Could you output the entries that follow exactly, omitting any pictures they contain?

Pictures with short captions
=== Section Start ===
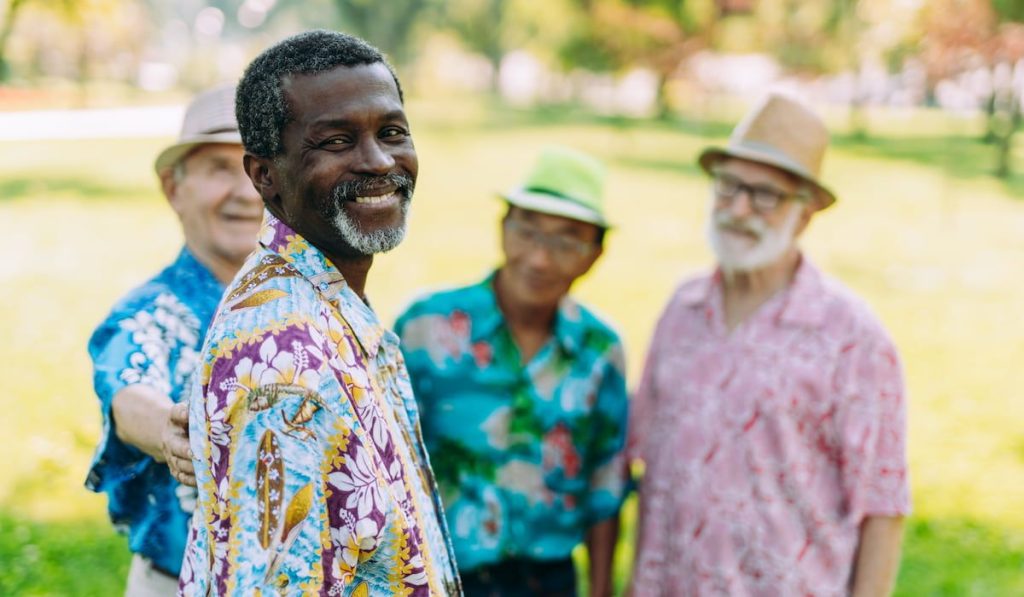 group of senior friends playing at the park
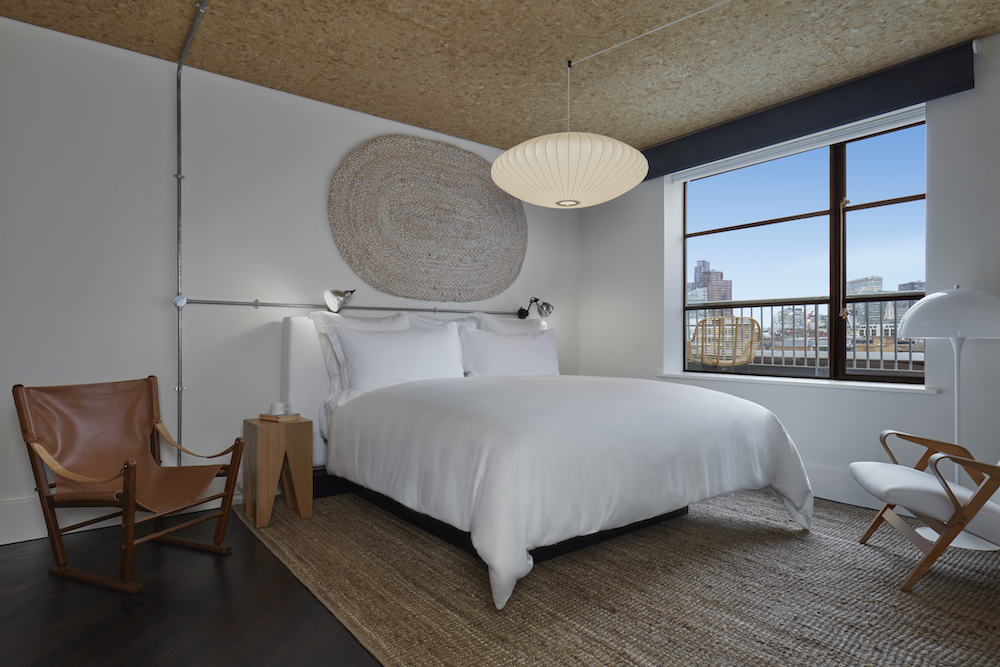 Minimalist hotel room in London with a white bed, woven wall art, and a large window showcasing a view of the city.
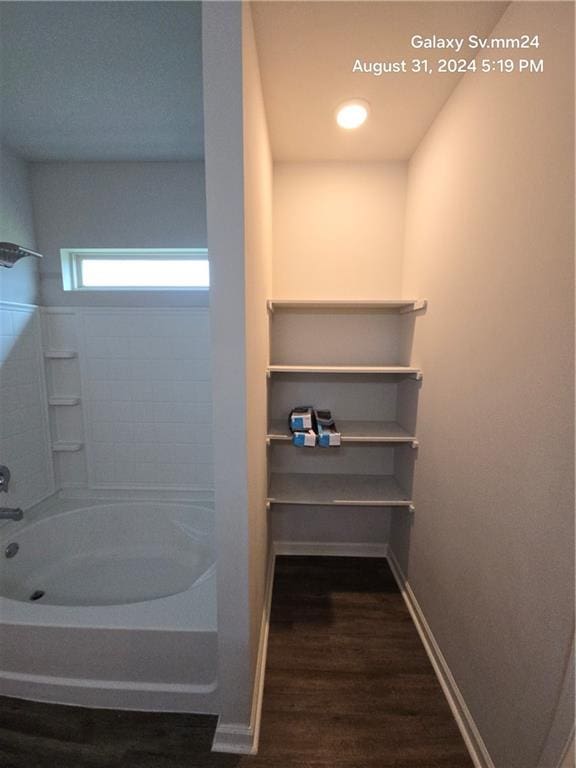 bathroom with hardwood / wood-style flooring and bathtub / shower combination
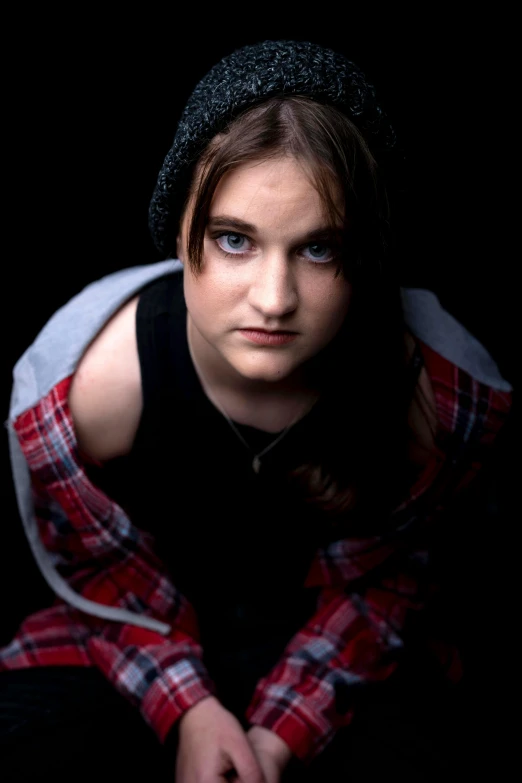 a woman sitting down wearing a hat and sweater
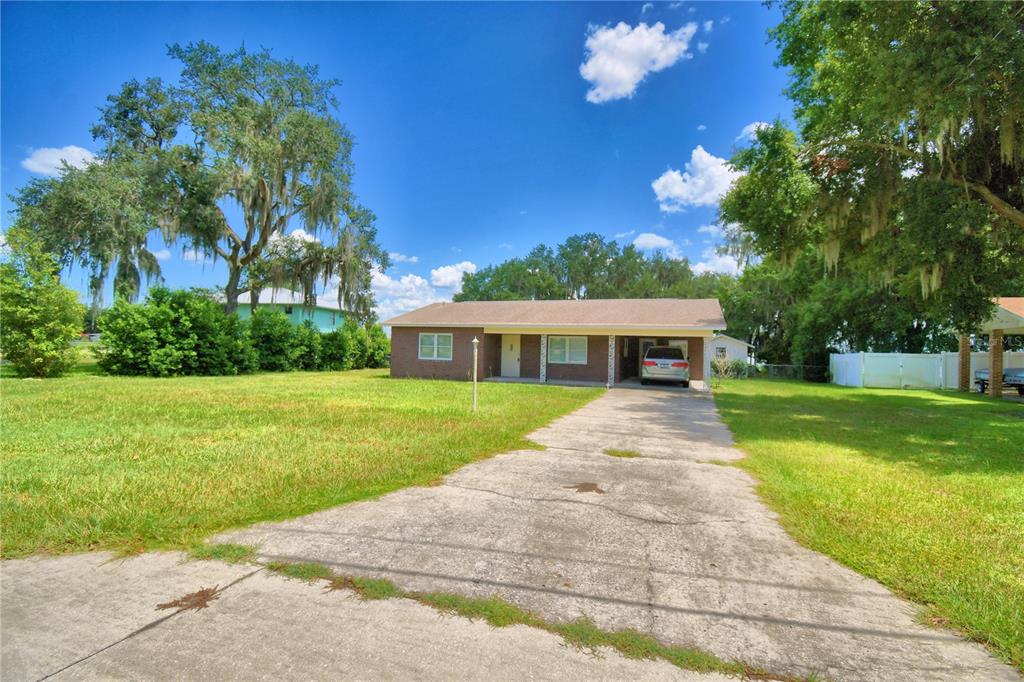 A single-story brick house with a carport and a concrete driveway sits on a lawn — 214 N LAKE REEDY BOULEVARD, FROSTPROOF, FL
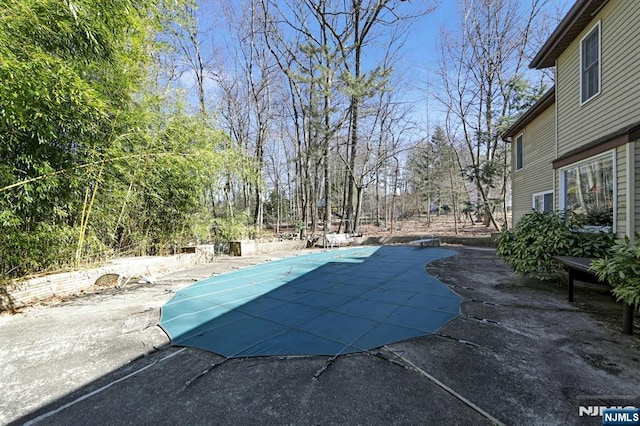 view of pool featuring a covered pool and a patio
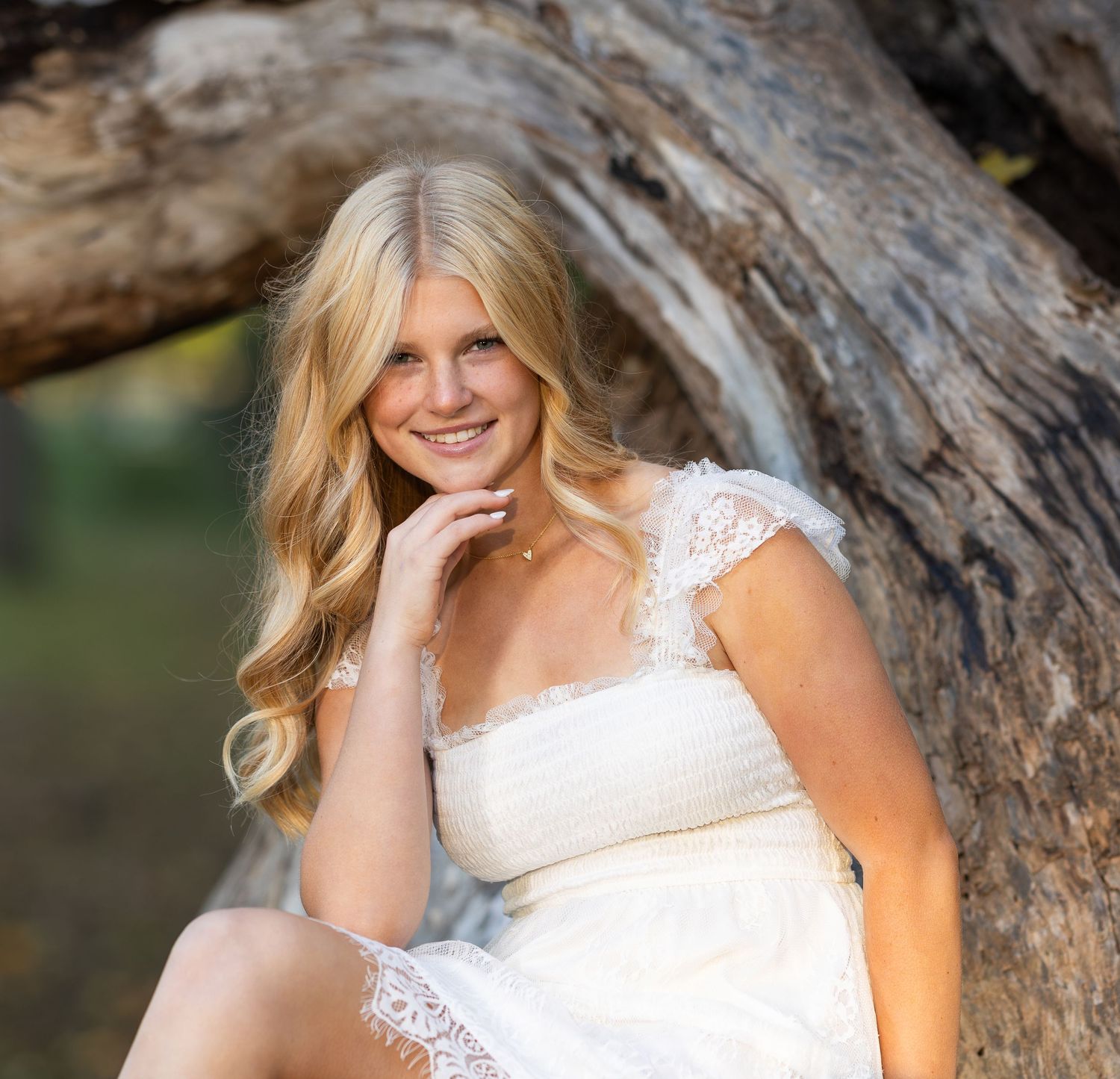 A bride in a white lace dress poses gracefully against a rustic wooden backdrop.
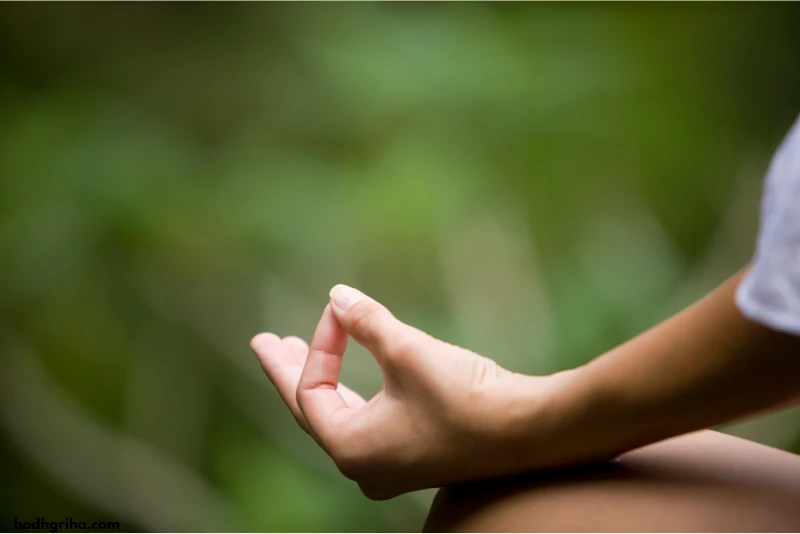 someone is sitting in a lotus position with their hands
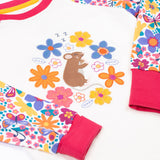 A close up of the cute brown mouse and flowers applique on the Frugi dragon skies Jamie jim jam top available at Babipur. 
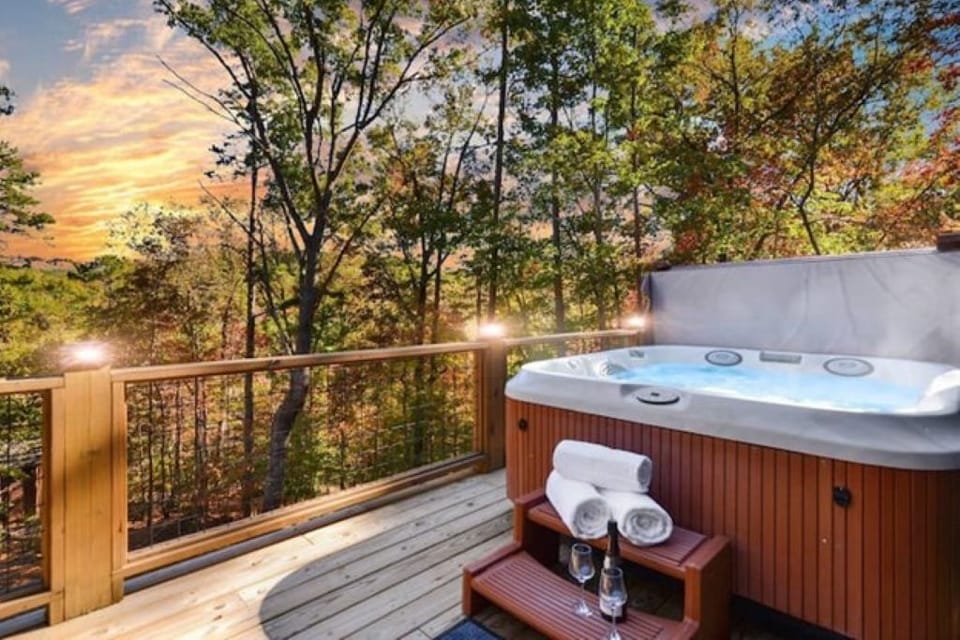 Unwind in a private jacuzzi w/ forest views, deck lights, towels & mountain air!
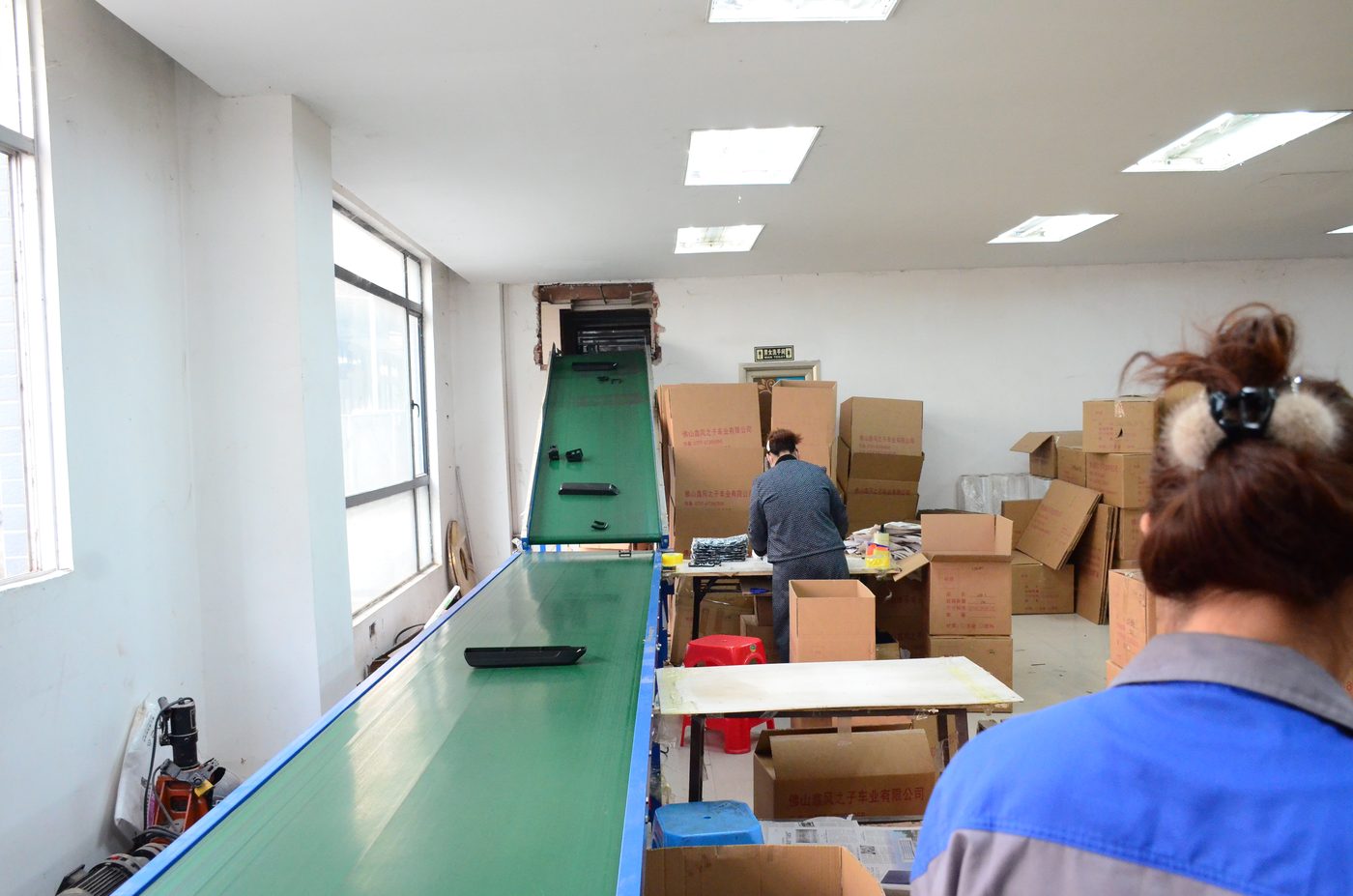 Assembly and packing stations where battery cases are finished and boxed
=== Section End ===
REPLY:
 group of senior friends playing at the park
 Minimalist hotel room in London with a white bed, woven wall art, and a large window showcasing a view of the city.
 bathroom with hardwood / wood-style flooring and bathtub / shower combination
 a woman sitting down wearing a hat and sweater
 A single-story brick house with a carport and a concrete driveway sits on a lawn — 214 N LAKE REEDY BOULEVARD, FROSTPROOF, FL
 view of pool featuring a covered pool and a patio
 A bride in a white lace dress poses gracefully against a rustic wooden backdrop.
 someone is sitting in a lotus position with their hands
 A close up of the cute brown mouse and flowers applique on the Frugi dragon skies Jamie jim jam top available at Babipur. 
 Unwind in a private jacuzzi w/ forest views, deck lights, towels & mountain air!
 Assembly and packing stations where battery cases are finished and boxed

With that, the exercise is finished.